Association between BMI at each life stage and cerebral Aβ deposition
In males, multiple linear regression revealed that both BMIearly and BMImid were significantly negatively associated with global Aβ retention (Table 2 and Fig. 1A–C) whereas BMIlate was not. Additional exploratory GLM analysis showed that the BMIearly strata (BMI <21, 21–25, and BMI >25 mg/kg2) differed in terms of global Aβ retention levels; the lowest BMIearly stratum (BMI <21) was associated with higher Aβ retention than the other two BMIearly strata on post hoc analysis (Fig. 2A). The three BMImid strata did not differ significantly in terms of Aβ retention.
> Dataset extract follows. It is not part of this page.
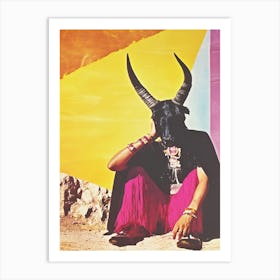 Horned Goat Collage Art Print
In contrast to males, we observed no significant relationship between BMI at any life stage and Aβ retention in females (Table 2 and Fig. 1D–F).
Table 2
Association of BMI in each life period with global cerebral Aβ deposition
| Sex | B | SE | Beta | p | pB |
| Men | |||||
| BMI in early adult | –0.038 | 0.012 | –0.285 | 0.003 | 0.009 |
| BMI in mid-life | –0.028 | 0.011 | –0.258 | 0.009 | 0.027 |
| Late-life BMI | –0.021 | 0.010 | –0.212 | 0.042 | 0.126 |
| Women | |||||
| BMI in early adult | –0.002 | 0.008 | –0.026 | 0.786 | >0.99 |
| BMI in mid-life | 0.003 | 0.008 | 0.041 | 0.673 | >0.99 |
| Late-life BMI | 0.003 | 0.007 | 0.038 | 0.690 | >0.99 |
The results of multivariate linear regression models and the beta coefficients. Adjusted for age, apolipoprotein ɛ4 positivity, and vascular risk score. BMI, body mass index; Aβ, amyloid-β; pB, p-value corrected by Bonferroni’s method.
Fig.1
Body mass index and amyloid beta deposition. Partial regression plot showing relationships between past and current BMIs and amyloid-β deposition after adjusting for covariates in males (A, B, C), and female (D, E, F).
Fig.2
Differences in AD biomarker level by BMI stratum. Differences in adjusted means of global Aβ deposition between early adulthood BMI strata (A), and Adjusted means of AD signature region cortical thickness between midlife BMI strata in males (B).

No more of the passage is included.